Friday, March 17, 2023

Supercore Inflation is Worth Watching, but it is Probably Not a Good Policy Target

Although headline inflation continues to fall and unemployment is near a 50-year low, the Federal Reserve still faces some tricky policy decisions over the next few months. Many of these have to do with the unusual volatility of relative prices during the 2021-2022 inflation, a topic that I wrote about in a recent commentary. This piece picks up where that one left off. It focuses on the behavior of the subset of prices that constitute the so-called supercore relative to prices that are more flexible.

Supercore prices have been in the news lately because some observers think the Fed is targeting them. This commentary will argue a focus on supercore inflation may have led to a more-than-prudent degree of monetary policy tightening by late 2022 and early  2023. The fact that high interest rates appear to have been a contributing factor to the banking crisis that was touched off by the failure of Silicon Valley Bank in March only strengthens the case.

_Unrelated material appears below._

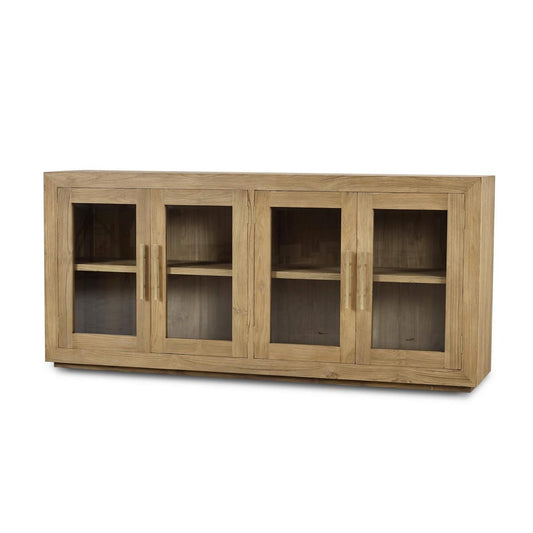Bramble Tuscan Rustic Distressed Teak 4 Door Sideboard in Teak Natural with Weathered Teak Distressing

So, what is the supercore?

So, what, exactly, is the supercore? The notion of ordinary core prices is familiar enough. The core consumer price index, for example, is the ordinary CPI with the highly volatile prices of food and energy removed. The personal consumption expenditures index, a CPI alternative, also has a core version that removes the same two sectors. Measures of the supercore go further by removing still more items.